(Task prompt) Using the data below, transcribe exactly everything from the line that contains "LUMACA-D'ACQUA-DOLCE-(Lymnaea-sp.)-2,5cm-adriano-marchiori" down to the line that contains "0500s38u-3104-191x259.png". Include both of those lines and none of the pictures.

(Source material)

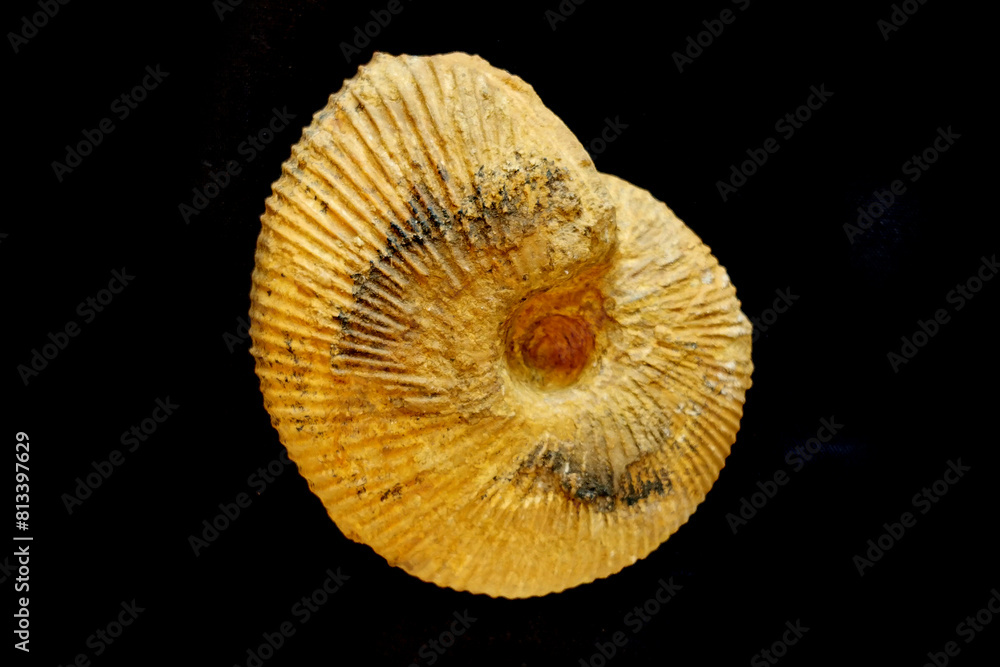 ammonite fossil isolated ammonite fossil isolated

==

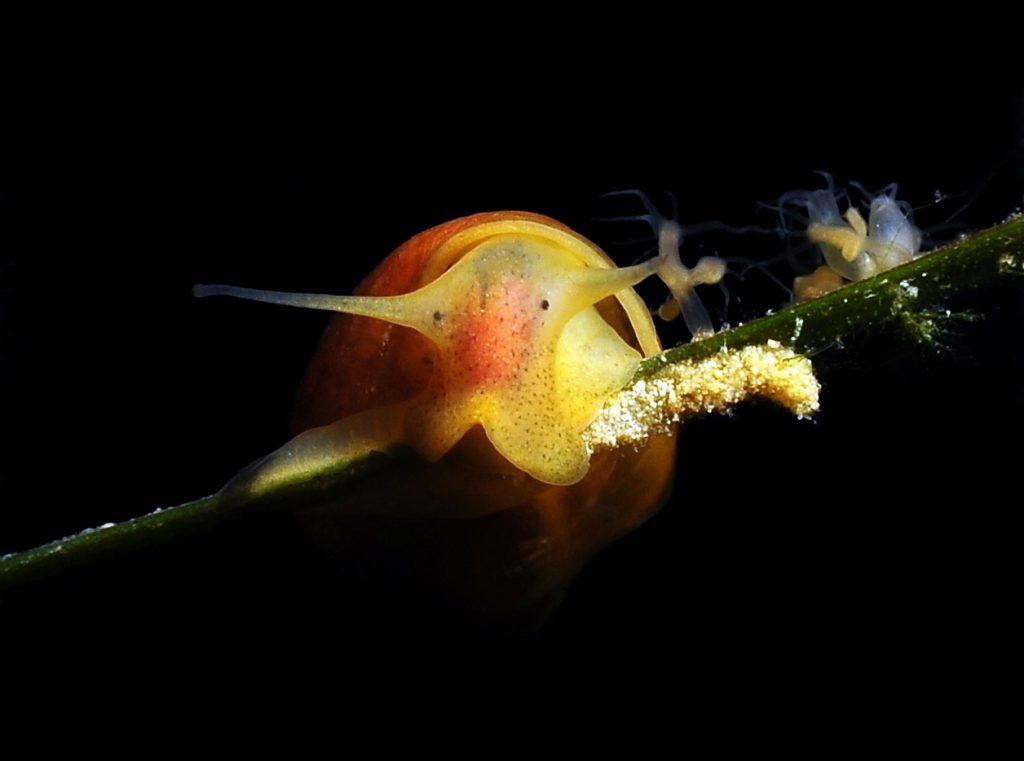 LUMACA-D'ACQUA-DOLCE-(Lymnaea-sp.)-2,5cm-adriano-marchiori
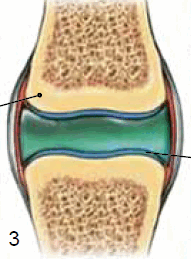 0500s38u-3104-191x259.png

(Answer for the task)
 LUMACA-D'ACQUA-DOLCE-(Lymnaea-sp.)-2,5cm-adriano-marchiori
 0500s38u-3104-191x259.png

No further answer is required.